[Image-text web data]
--------

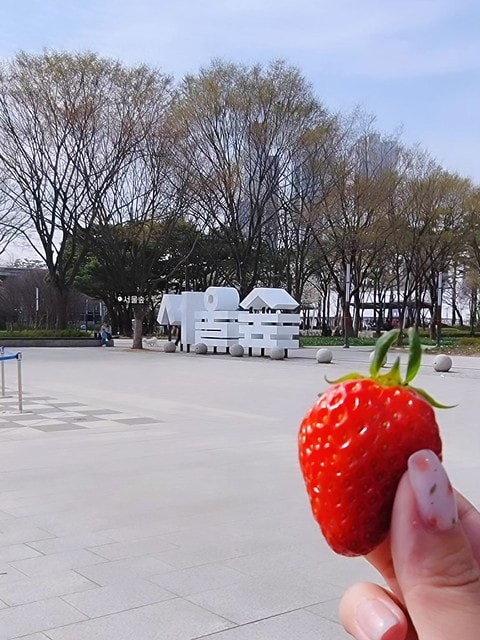 飛魚女孩,跟著飛魚玩韓國,首爾林,首爾林逛街,首爾林站,首爾林櫻花,首爾林公園,首爾林韓文,首爾林梅花鹿,首爾林地圖,首爾林站 幾 號線,首爾林聖水洞,首爾林咖啡街,聖水洞逛街地圖,首爾地鐵2號線地圖,首爾林 冬天,弘大到聖水洞要多久,首爾林景點,首爾林地鐵,首爾櫻花,首爾櫻花時間,首爾櫻花現況,首爾櫻花季,首爾櫻花 PTT,首爾櫻花2024,2024首爾櫻花預測,韓國櫻花花期,2025首爾櫻花預測,韓國首爾櫻花幾月,2024韓國櫻花開了嗎,櫻花滿開後多久凋謝,櫻花 滿開 撐幾天,韓國櫻花季,韓國櫻花預測2025,韓國櫻花預測2024,韓國櫻花預測,韓國櫻花花期,韓國櫻花首爾,首爾賞櫻景點推薦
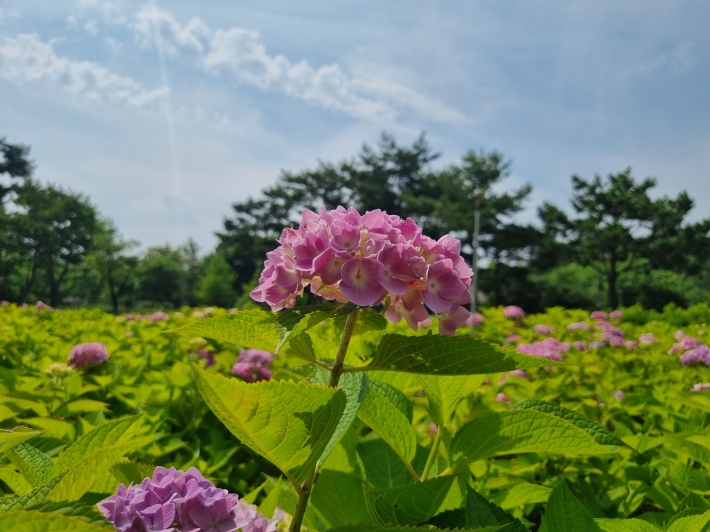 수국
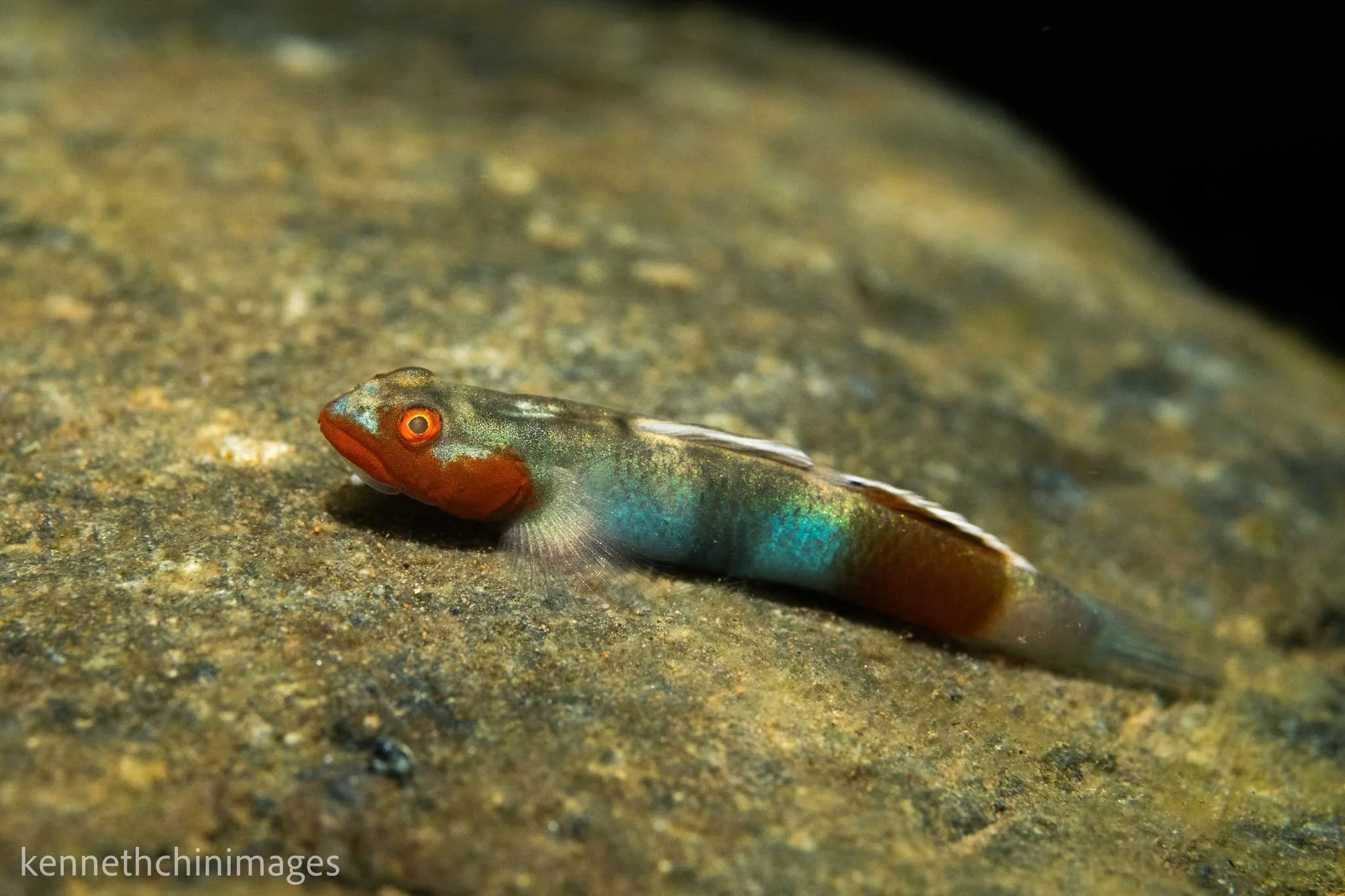 Lentipes palawanirufus male with very strong courting colors.jpg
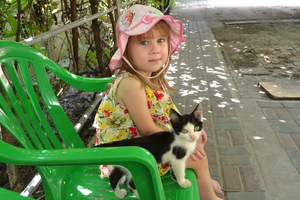 Image-preview_300x200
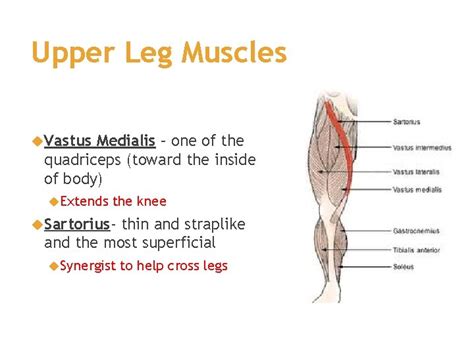 Upper Leg Tendon Anatomy Sue Wiggins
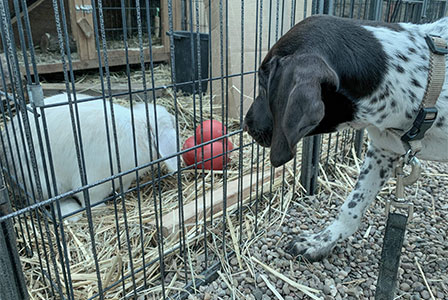 Dog looking at rabbits in the cage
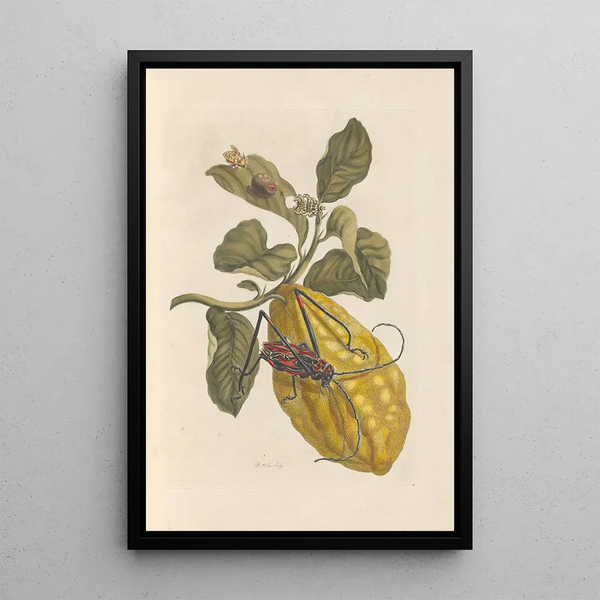 Dissertation sur la génération og transformationerne af insekter fra Surinam Pl40 - Maria Sibylla Merian — indrammet kunstværk på væggen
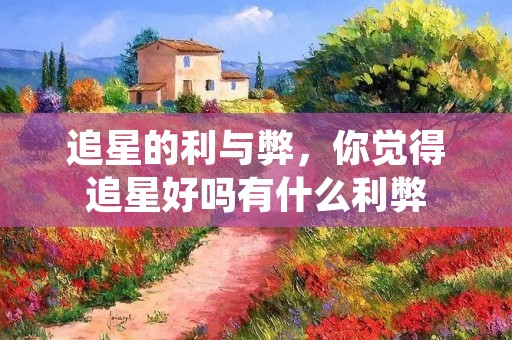 追星的利与弊,你觉得追星好吗有什么利弊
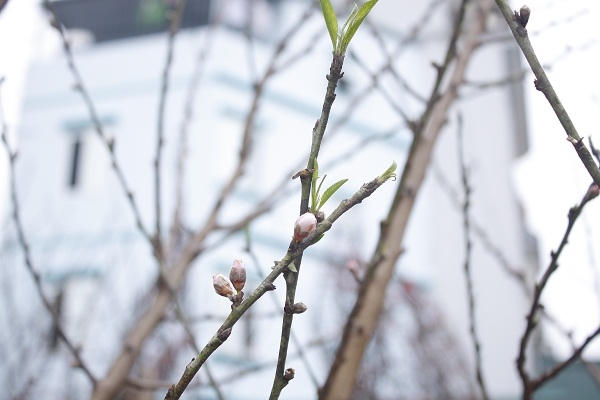 Ảnh: Như Trường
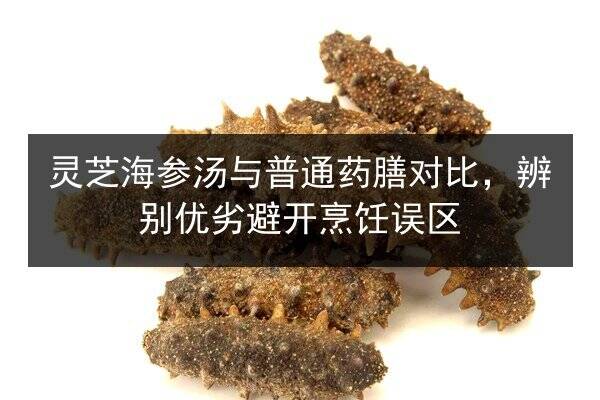 灵芝海参汤与普通药膳对比，辨别优劣避开烹饪误区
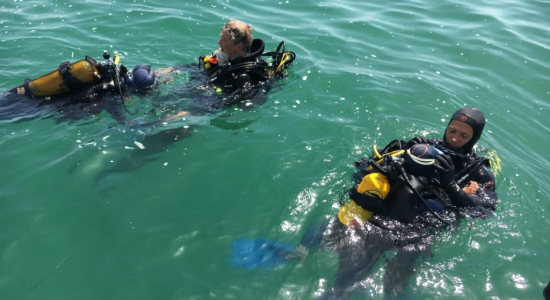 Le Monde Subaquatique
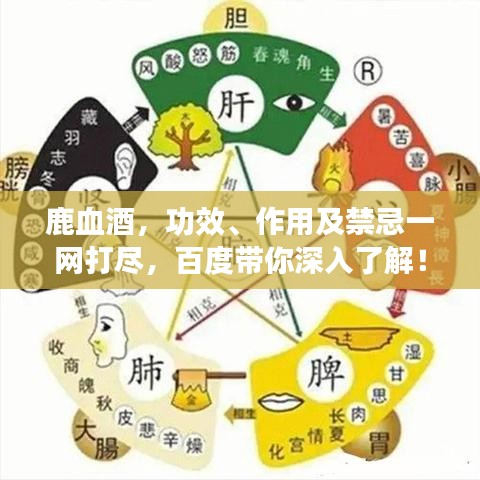 鹿血酒，功效、作用及禁忌一網(wǎng)打盡，百度帶你深入了解！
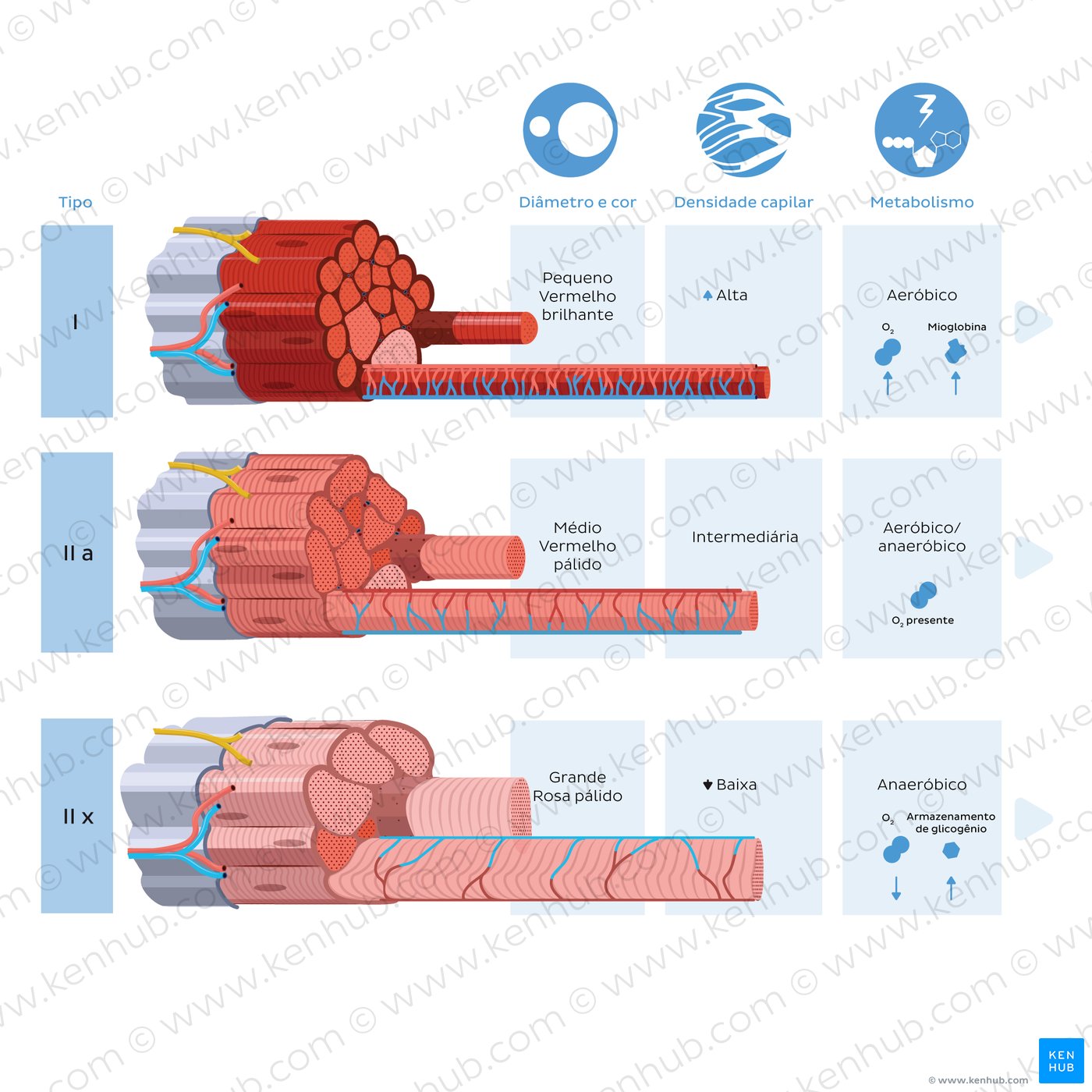 Skeletal muscle fiber types: general features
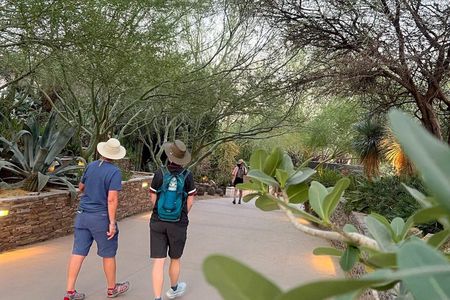 Sunset Walking Tour: Private & Corporate Groups: Botanical Garden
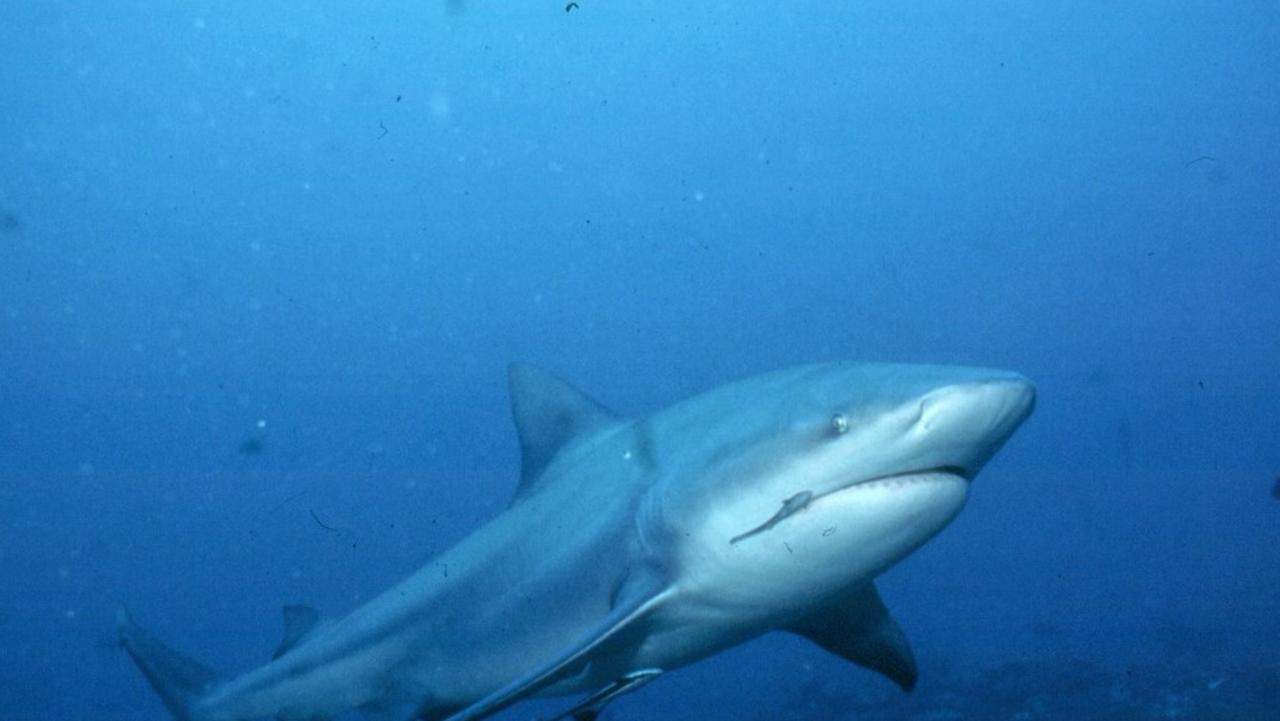 Sharks: Biopixel Ocean Foundation tracking Bevan the bull shark who has ...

--------

The answer must be an exact transcription of the lines from the one containing "Sunset Walking Tour: Private" through the last line of the records above, both included, with no pictures.

 Sunset Walking Tour: Private & Corporate Groups: Botanical Garden
 Sharks: Biopixel Ocean Foundation tracking Bevan the bull shark who has ...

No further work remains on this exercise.